To open the new session of Congress last week, Missouri Representative Emanuel Cleaver began with a prayer. At the end, the former Methodist pastor stated “Amen, and Awomen.” The uproar was immediate, and justified. While Cleaver tried to explain to the Kansas City Star that he intended the word to be “a lighthearted pun…” it came at the same time United States House of Representative, on a 217-206 party line vote, approve a code of conduct that mandates “gender inclusive” terms.
According to the very words of the code, no more will words like “father,” “mother,” “son,” or “daughter” be permitted to be used by the House. No longer can a Bill in Congress say “he or she serves” or “he or she holds.” Instead, it must state “such Member, Delegate or Resident” serves or holds. According to the Democrats in the House of Representatives, gender now is fluid, and outdated concepts such as male or female must be stricken from the public record.
Which brings us to “Amen.” Of course, it has nothing to do with the English word “men”, deriving instead from the Hebrew letters Aleph, Mem and Nun, which also includes words like “Ma’amin” – “believes.” But no more. Because its English translation includes the letters “m” “e” “n,” Amen must be changed and brought forward into the new “woke” times. Now perhaps the most used word in any Hebrew or Christian prayer service, which invokes a confirmation of faith, must be included within the modern culture wars.
Is nothing sacred? Must every aspect of language now be under the control and dictation of a self-appointed Ministry of Linguistic Social and Gender Justice? Do those who would claim the right to decide on these issues even accept the possibility that a person could be in favor of LGBTQ rights without agreeing to rework all concepts of language?

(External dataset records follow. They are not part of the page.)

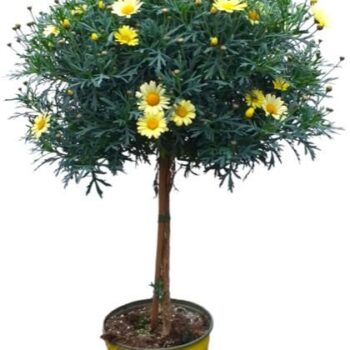 Argyranthemum Frutescens "op stam" - GEEL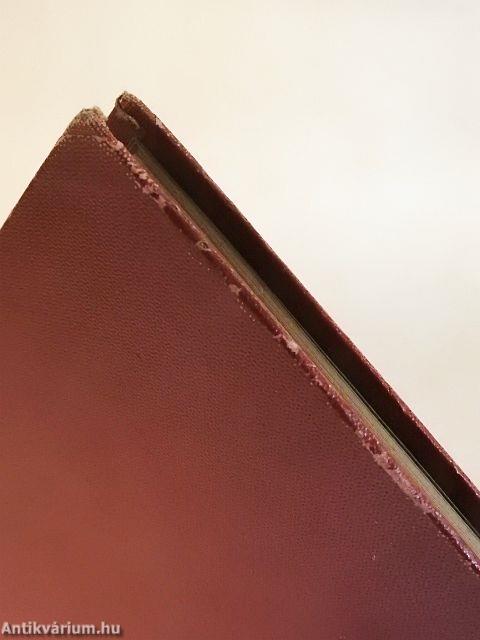 Városegészségügy az új Budapesten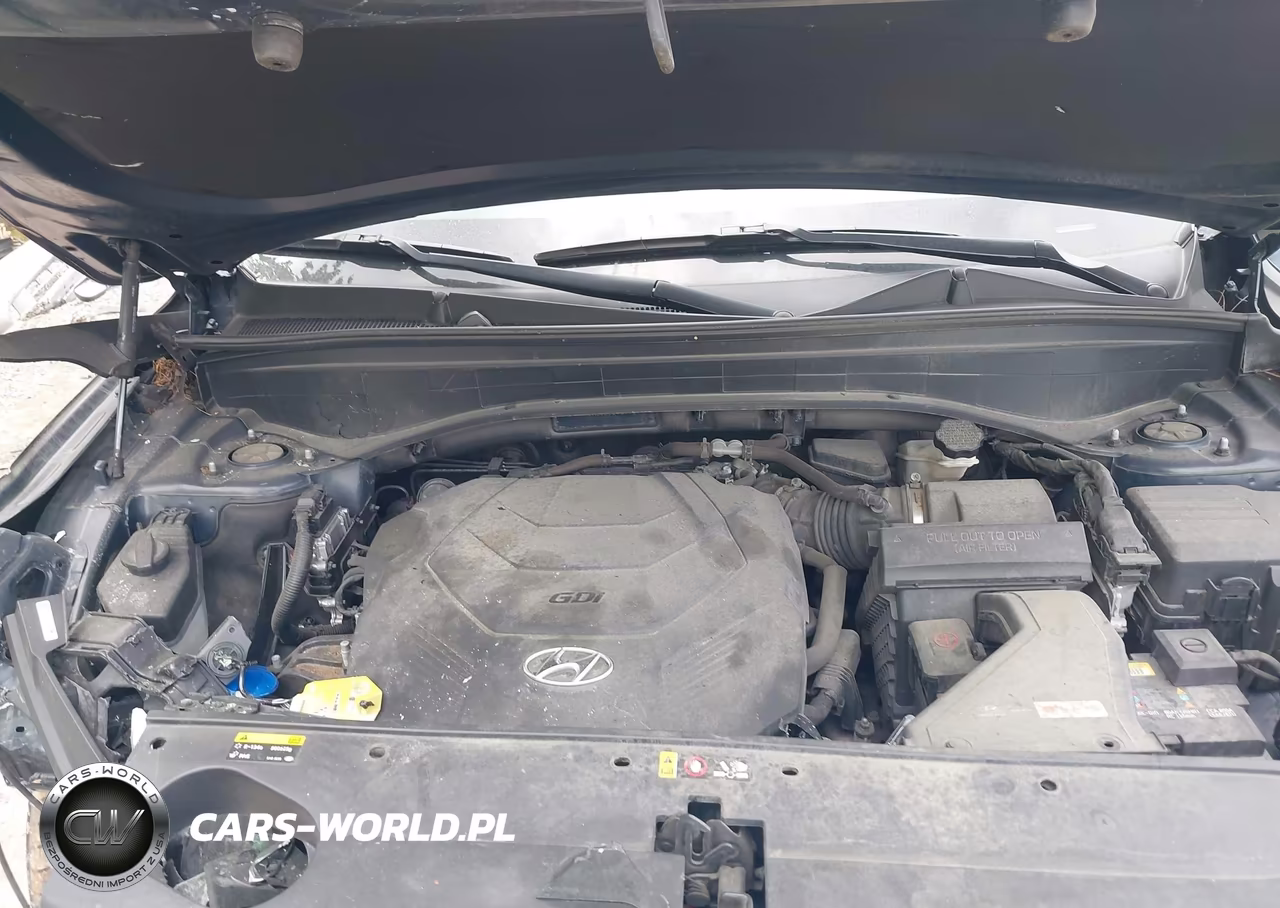 2020 Hyundai Palisade Sel VIN:KM8R3DHE3LU060062 - 10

On a train to his death in Treblinka in 1942, Azriel David Fastag wrote the melody for the twelfth “Ani Maamin”. “I believe with perfect faith in the coming of the Messiah…” Remarkably, two boys escaped the locked train and one survived the Holocaust, delivering it to New York. https://blogs.timesofisrael.com/how-ani-maamin-survived-the-shoah/ Since then, it has become the musical symbol of the Holocaust. The haunting melody constitutes a sanctification of the most immoral event of modern times. Would even that be enough for the Ministry of Linguistic Social and Gender Justice to allow it to continue to be sung?
Like it or not, the Bible (both Old Testament and New Testament) is not gender neutral, and certainly not “woke”. Will our social justice warriors insist on a new translation – one that omits any reference to concepts of gender? Will they even allow the Bible to be read, or perhaps more prophetically be discussed on the internet? Will social media platforms allow any discussion of religion or religious themes that does not disavow any concept of gender? How far will this go?
Let’s take Representative Cleaver at his word and agree that his comment was a lighthearted joke. Let’s also be very clear that what is happening with language is not a joke. In our “free” societies, we all have the right to insist that our freedom to speak (with certain extremely narrow limitations) and to believe remains sacred, even if it does not conform to the current thoughts of those who would constitute the Ministry of Linguistic Social and Gender Justice.